API Reference →GET https://skylink-api.p.rapidapi.com/ml/flight-time
?from=EGLL&to=KJFK&aircraft=b77w
x-rapidapi-key: YOUR_KEY
// Response
{
"origin": "EGLL",
"destination": "KJFK",
"aircraft_type": "B77W",
"distance_nm": 3462.64,
"estimated_minutes": 437,
"estimated_hours_display": "7h 17m",
"min_minutes": 415,
"max_minutes": 460,
"model_version": "1.0.0"
}
How it works
What aircraft type codes should I use?
Use 4-character ICAO type designators: B738 (737-800), A320, A321, B77W (777-300ER), B789 (787-9), A359 (A350-900), A388 (A380-800), B744 (747-400), CRJ9, E190. A full list is in ICAO Doc 8643.
Does this include taxi time?
Yes — the model estimates gate-to-gate (block time), which includes average taxi-out, airborne time, and taxi-in.

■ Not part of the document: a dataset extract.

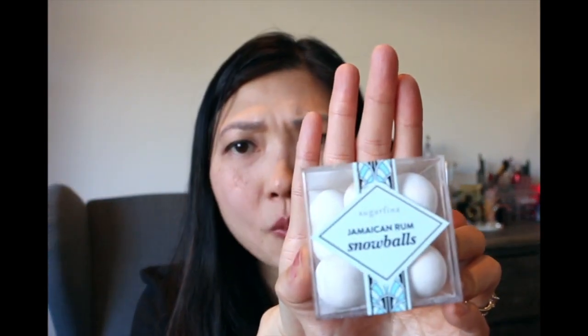This one I just opened is a Jamaican rum snowball. Oh, it's chocolate rum truffles! These creamy truffles are infused with Jamaican rum then finely dusted in powdered sugar, and it's made in Germany. They look like a little snowball. You can definitely taste the rum. It's exactly like the description said — creamy rum chocolate covered with a sugar coating.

This is the time you'd see on a published schedule, not just wheels-up to wheels-down.
How does it handle wind?
The ML model learns seasonal jet stream effects from historical data. Eastbound transatlantic flights are typically 45–90 minutes shorter than westbound due to prevailing westerly winds at cruise altitude. This is baked into the predictions implicitly.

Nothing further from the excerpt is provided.